So here I was, 50 years later, on the date of what would have been his 101st birthday (he died at age 96), passing the highway signs for many of the same towns Dad used to mention. Since much of my travel was on smaller provincial highways, I experienced the same two-lane, less-than-perfect roads, the inevitable slowing down as the highway passed through the main street of town after town, then resuming speed and hoping not to get caught behind some big rig or, worse yet, farm machine.

I felt myself thinking a lot about Dad. How had this diminutive European immigrant felt when he first started traveling these roads, unfamiliar with the language and the territory, after having survived the Second World War and losing his family and all that was familiar? Did he marvel at his fortune to have survived and at the freedom he now enjoyed to work, travel, prosper and raise a family? Did he feel the same spiritual awe and gratitude that I did at the wide, open expanses of prairie meeting sky, the fabulous sunsets untainted by buildings or pollution, the beauty of the wheat, flax and soybeans growing so abundantly, and the smiley yellow heads of sunflowers? Did his heart lift each time he beheld these wonders of nature, or did he get inured to it after a while? After all, when you are driving for a living, and to a deadline, those straight roads can lull and hypnotize you. Lucky for me, the few unexpected curves, rises and dips, twists and turns of the roads helped keep me alert and on track.

Dad eventually set up his own wholesale business, importing lamps from Japan and selling them to retailers. He would store them in our garage. His staff consisted of my brother and later my husband – his warehousemen – my mother, myself and later my younger sister – his secretaries. Dad traveled very little after that but he proudly maintained his membership in the Northwest Commercial Travelers Association until well into his 80s.

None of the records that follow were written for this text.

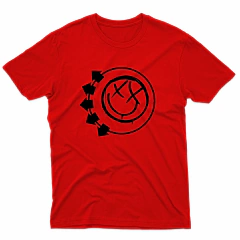Remera Unisex Manga Corta BLINK 182 01 - Wildshirts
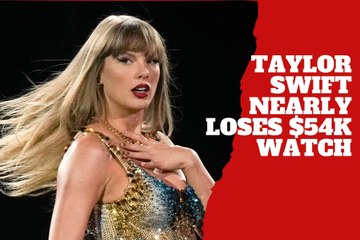 Taylor Swift narrowly escapes losing $54k watch during Chiefs game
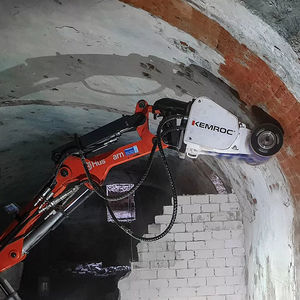 fraise de havage hydraulique pour excavatrice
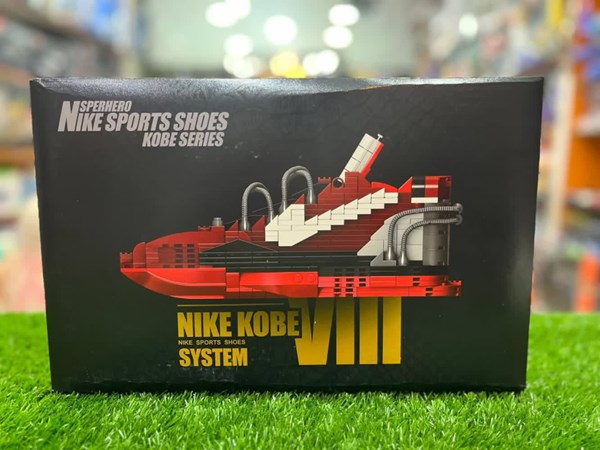 لگو کتانی نایک قرمز مدل 69960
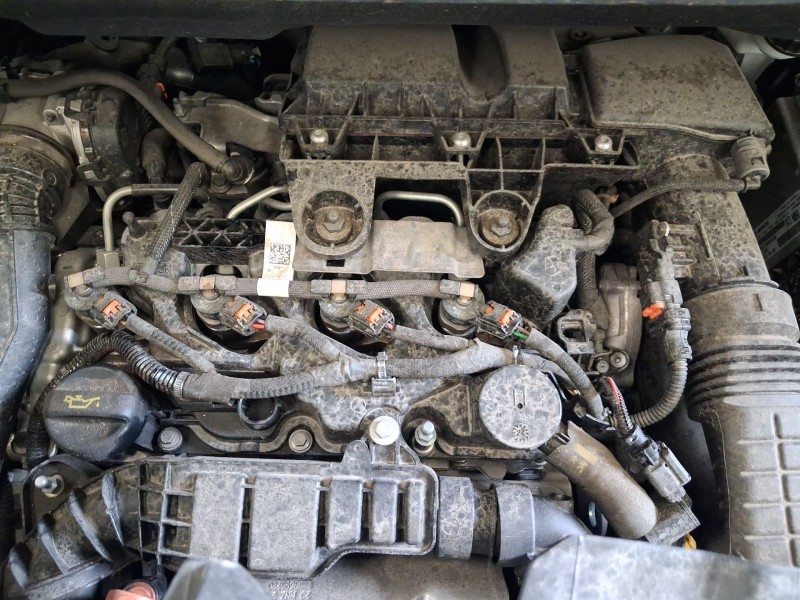 Recambio de motor completo para citroën berlingo furgón/monospace (k9) 1.5 bluehdi 100 referencia OEM IAM YH01 1634153980 163415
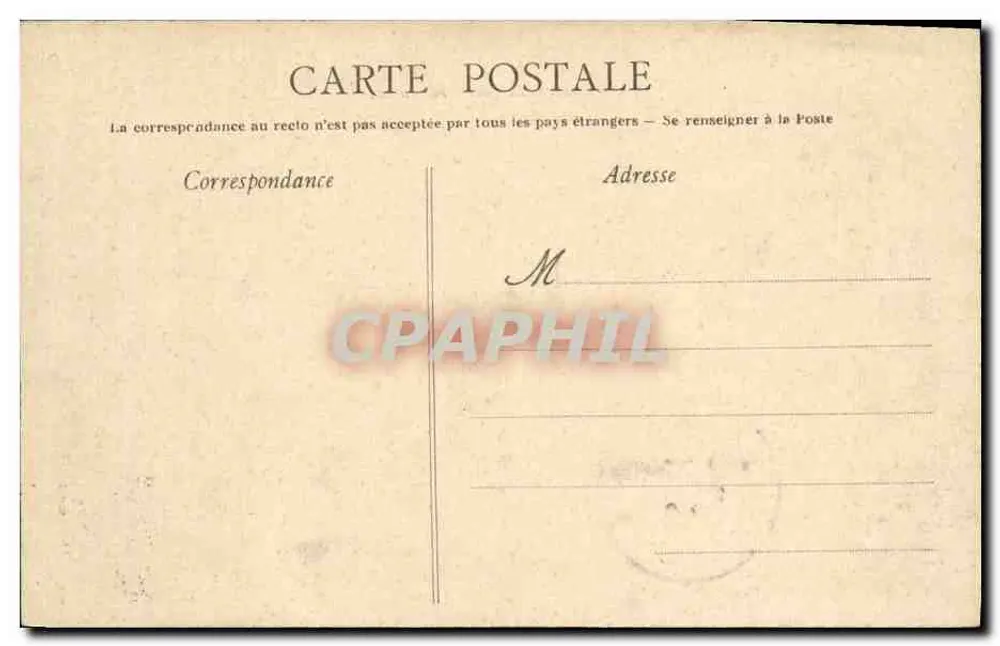 CAEN — Cours Sadi-Carnot — Zbiór Calvados - Rewers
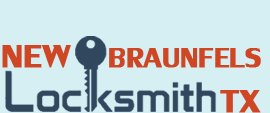 New Braunfels Locksmith TX Logo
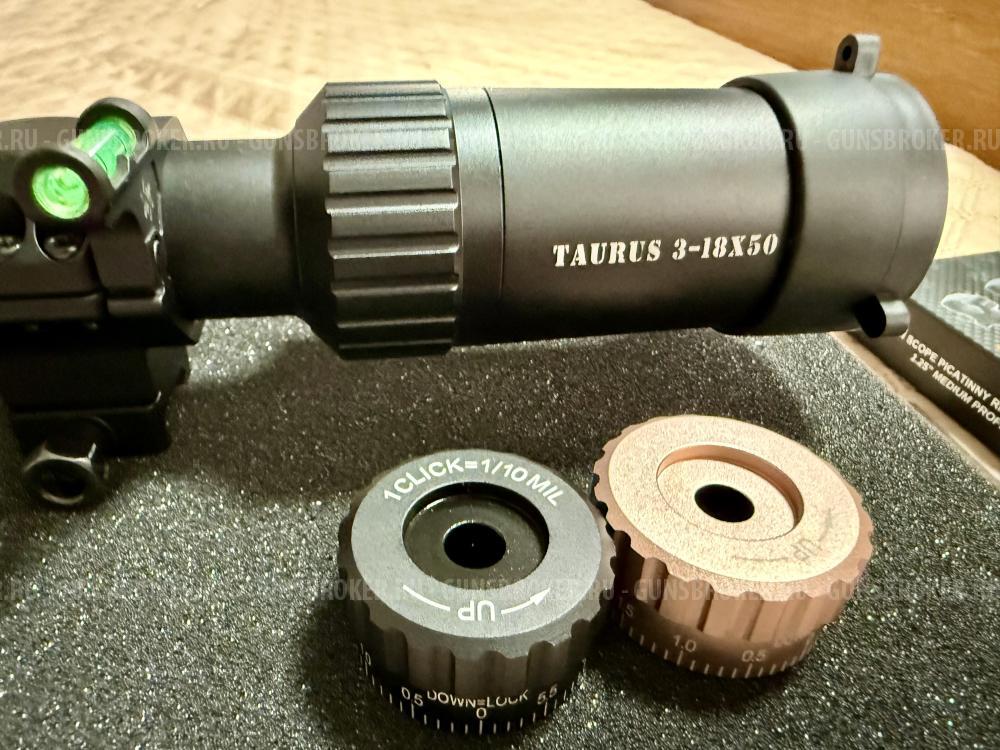 Оптический прицел Vector Optics Taurus FFP 3-18×50 (MPX1 с подсветкой)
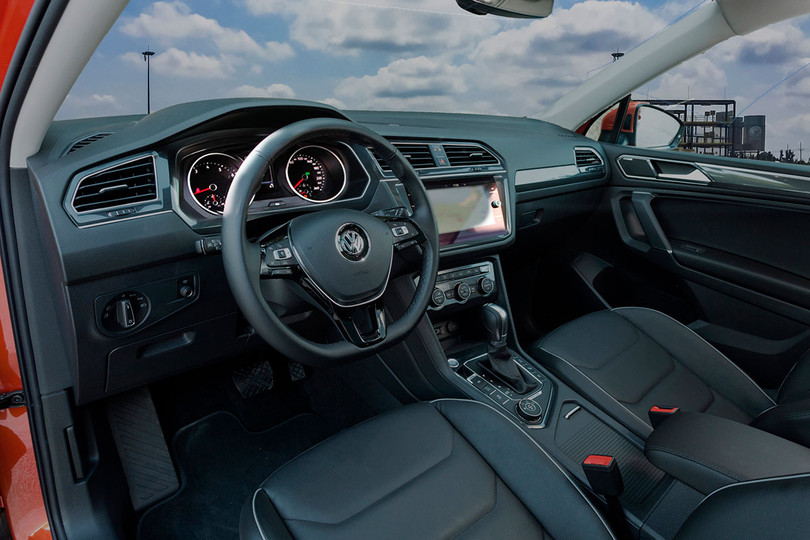 Volkswagen Tiguan Allspace 2018 đã có mặt tại Việt Nam, giao xe trong tháng 5/2018 ảnh 3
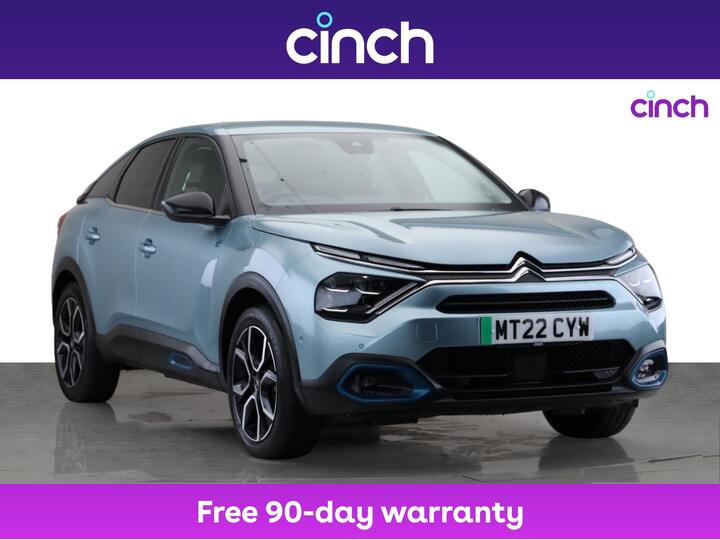 Citroen E-C4 50kWh Shine Auto 5dr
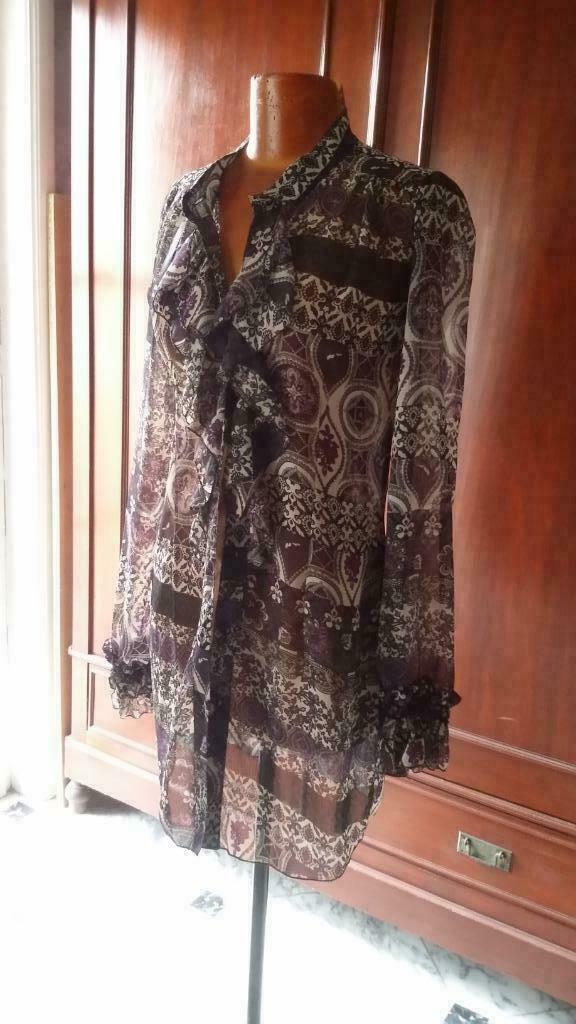 Blouse couleurs d'automne vêtements de marque nouveau, Neuf, Taille 38/40 (M), Enlèvement ou Envoi, Autres couleurs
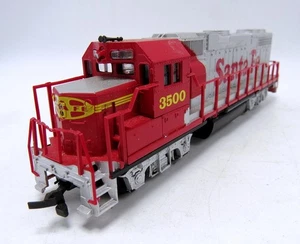 Vintage Life-Like HO Scale Santa Fe 3500 GP38 Powered Diesel Locomotive - NICE! - Picture 1 of 5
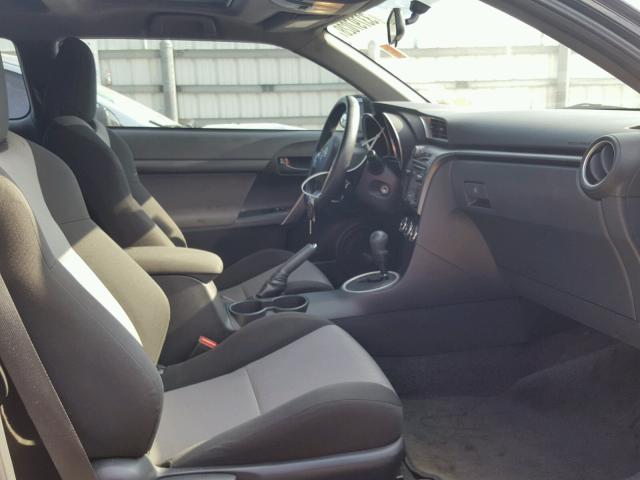 JTKJF5C78E3078890 - 2014 TOYOTA SCION TC 黑色 照片 5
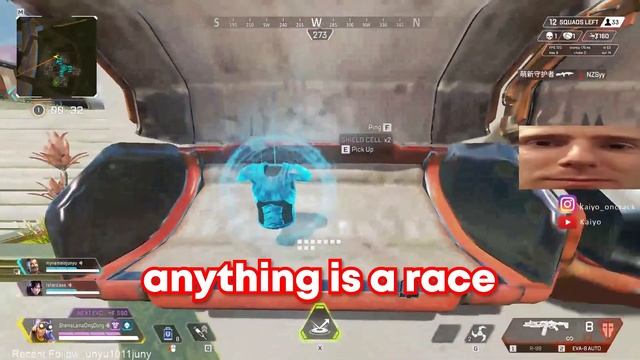 Apex Twitch Shenanigans On Crack смотреть онлайн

The purpose of my road trip was to interview the three remaining Jews in the towns of Hirsch and Estevan, Sask., as part of an oral history project for the Jewish Heritage Centre of Western Canada. I could not help wishing that Dad were along to keep me company. After all, he knew these roads and towns like the back of his hand. He would have known all the Jewish storekeepers and businesses, their antecedents and business practices, as well as all the other Jewish travelers. Dad would probably have corrected my routes and criticized my driving, but I would have given anything to be able to see these routes through his eyes, with his stories to accompany them, and with him to answer my questions.